Naturalmente há os que precisarão entregar tudo, porque a situação é tão grave e caótica que o valor está na marca e na história, e isso demanda ruptura total com os dirigentes que trouxeram o clube a esta situação. Para esses a transformação em empresa não é só uma possibilidade; é uma necessidade vital.
Alguns ainda poderão permanecer como Associações, mas sabendo que os que virarem empresa terão acesso a dinheiro e mais capacidade de investimentos. Por exemplo, a Juventus da Itália tem capital aberto e está organizando um aumento de capital de € 300 milhões para colocar em prática seu plano estratégico dos próximos 5 anos.
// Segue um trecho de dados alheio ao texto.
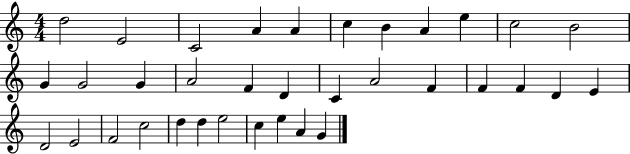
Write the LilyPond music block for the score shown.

{
  \clef treble
  \numericTimeSignature
  \time 4/4
  \key c \major
  d''2 e'2 | c'2 a'4 a'4 | c''4 b'4 a'4 e''4 | c''2 b'2 | \break g'4 g'2 g'4 | a'2 f'4 d'4 | c'4 a'2 f'4 | f'4 f'4 d'4 e'4 | \break d'2 e'2 | f'2 c''2 | d''4 d''4 e''2 | c''4 e''4 a'4 g'4 | \break \bar "|."
}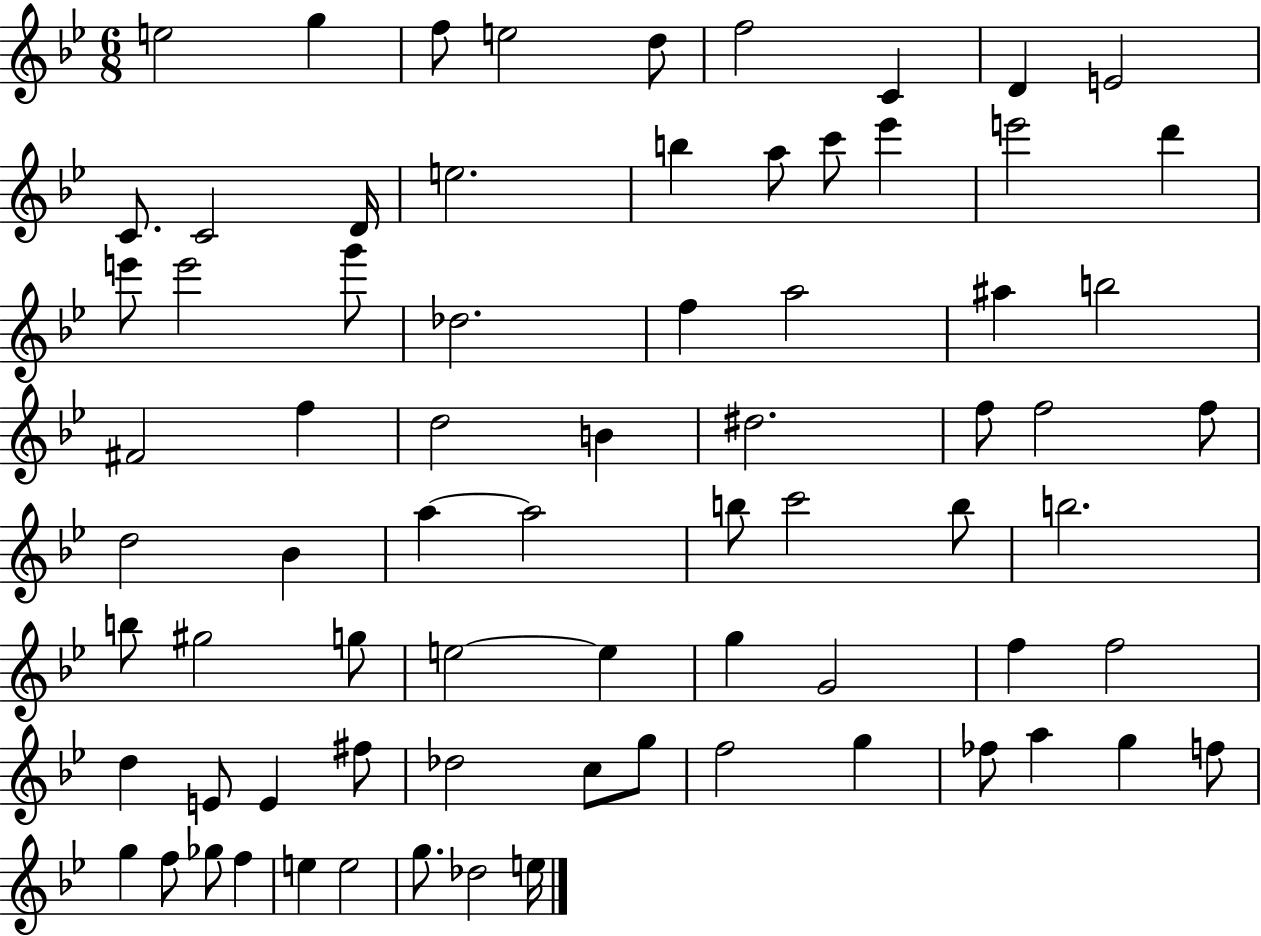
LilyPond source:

{
  \clef treble
  \numericTimeSignature
  \time 6/8
  \key bes \major
  \repeat volta 2 { e''2 g''4 | f''8 e''2 d''8 | f''2 c'4 | d'4 e'2 | \break c'8. c'2 d'16 | e''2. | b''4 a''8 c'''8 ees'''4 | e'''2 d'''4 | \break e'''8 e'''2 g'''8 | des''2. | f''4 a''2 | ais''4 b''2 | \break fis'2 f''4 | d''2 b'4 | dis''2. | f''8 f''2 f''8 | \break d''2 bes'4 | a''4~~ a''2 | b''8 c'''2 b''8 | b''2. | \break b''8 gis''2 g''8 | e''2~~ e''4 | g''4 g'2 | f''4 f''2 | \break d''4 e'8 e'4 fis''8 | des''2 c''8 g''8 | f''2 g''4 | fes''8 a''4 g''4 f''8 | \break g''4 f''8 ges''8 f''4 | e''4 e''2 | g''8. des''2 e''16 | } \bar "|."
}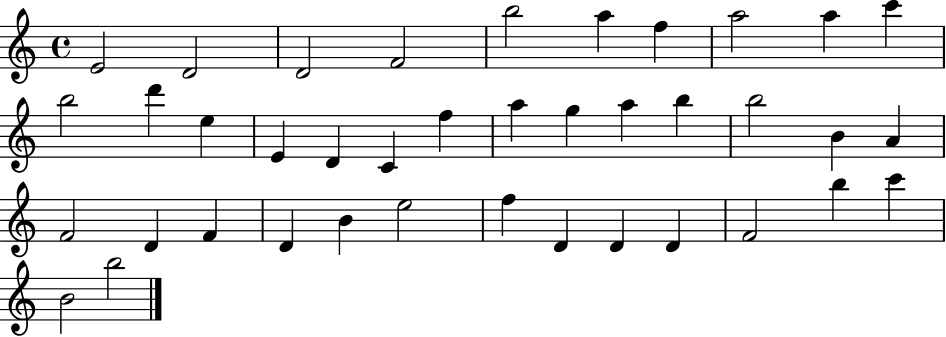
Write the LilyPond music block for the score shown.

{
  \clef treble
  \time 4/4
  \defaultTimeSignature
  \key c \major
  e'2 d'2 | d'2 f'2 | b''2 a''4 f''4 | a''2 a''4 c'''4 | \break b''2 d'''4 e''4 | e'4 d'4 c'4 f''4 | a''4 g''4 a''4 b''4 | b''2 b'4 a'4 | \break f'2 d'4 f'4 | d'4 b'4 e''2 | f''4 d'4 d'4 d'4 | f'2 b''4 c'''4 | \break b'2 b''2 | \bar "|."
}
Isso, depois de ter feito uma operação no início do ano onde captou € 175 milhões pelo prazo de 5 anos, para deixar seu fluxo de caixa estabilizado.
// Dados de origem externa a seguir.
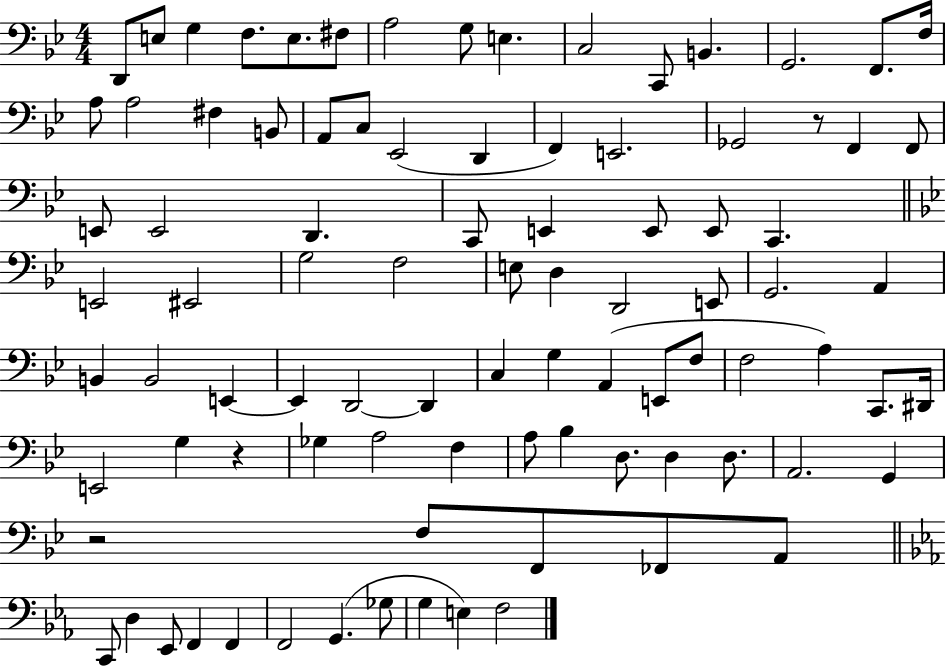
{
  \clef bass
  \numericTimeSignature
  \time 4/4
  \key bes \major
  d,8 e8 g4 f8. e8. fis8 | a2 g8 e4. | c2 c,8 b,4. | g,2. f,8. f16 | \break a8 a2 fis4 b,8 | a,8 c8 ees,2( d,4 | f,4) e,2. | ges,2 r8 f,4 f,8 | \break e,8 e,2 d,4. | c,8 e,4 e,8 e,8 c,4. | \bar "||" \break \key bes \major e,2 eis,2 | g2 f2 | e8 d4 d,2 e,8 | g,2. a,4 | \break b,4 b,2 e,4~~ | e,4 d,2~~ d,4 | c4 g4 a,4( e,8 f8 | f2 a4) c,8. dis,16 | \break e,2 g4 r4 | ges4 a2 f4 | a8 bes4 d8. d4 d8. | a,2. g,4 | \break r2 f8 f,8 fes,8 a,8 | \bar "||" \break \key ees \major c,8 d4 ees,8 f,4 f,4 | f,2 g,4.( ges8 | g4 e4) f2 | \bar "|."
}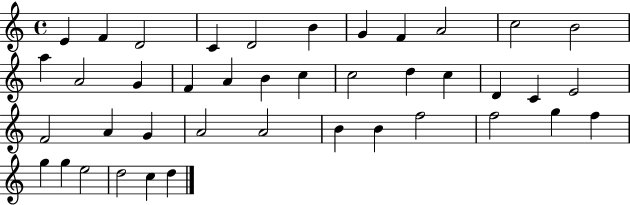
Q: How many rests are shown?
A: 0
No Brasil, o Red Bull Bragantino deve subir para a Série A do Brasileiro em 2020 e notícias falam em investimentos expressivos na montagem do elenco para o próximo ano. A chance de clubes assim surgirem na Série B e tomarem o lugar de clubes tradicionais, mas em condições financeiras delicadas, é enorme.
Exemplos no Mundo
Ser empresa não é garantia de nada mesmo na Europa. Mas há muito mais casos de sucesso que de fracasso. Mas se o clube é grande e tem torcida e valor, então sempre haverá solução. Uso 3 clubes de exemplo: (i) Fiorentina e Napoli, que na primeira década dos anos 2000 faliram. Tinham donos que administraram mal o clube e acabaram. Pela regra italiana eles saíram da Série A para a Série D. Nesse momento chegaram novos donos, injetaram dinheiro e trouxeram os clubes para a Série A rapidamente. Hoje são clubes saudáveis e a Fiorentina acabou de ser vendida por cerca de € 135 milhões, trocando de mãos e recebendo mais investimentos na formação da equipe (ii) o Milan foi vendido pelo conhecido Silvio Berlusconni a um empresário chinês que ninguém conhece. O clube recebeu algum dinheiro mas também se endividou e apresentou prejuízos relevantes por 3 temporadas seguidas, sendo agora punido pelo Fair Play Financeiro da UEFA. Após 2 anos da operação o clube trocou de mãos, e o dono hoje é o Fundo Elliott, que aportou dinheiro, saneou o clube e impôs uma política de equilíbrio financeiro. Os resultados em campo ainda não voltaram, mas o clube se reestrutura. Se empresa o levou ao problema, mas também o salvou. Fosse uma associação mal gerida e demoraria anos para se recuperar de uma gestão desastrosa.
No final, o que importa?
O que importa é ser bem administrado. Ser Associação ou Empresa é irrelevante se for bem administrado. O fato é que no mundo há muito mais clubes empresa que associações, e a diferença de desempenho financeiro é clara. As exceções são Real Madrid e Barcelona, que possuem gestão de empresa e tem aspectos culturais relevantes que ajudam a impulsionar e estabilizar o negócio.
No Brasil a possibilidade de se transformar seriamente em empresa, sem pegadinhas e riscos jurídicos, talvez seja a única forma de salvação para alguns clubes, que perderam completamente sua capacidade financeira. Para eles a Associação que os trouxe até este cenário não funcionou bem e não funcionará daqui para frente. Nem é uma questão de competitividade, mas de sobrevivência mesmo.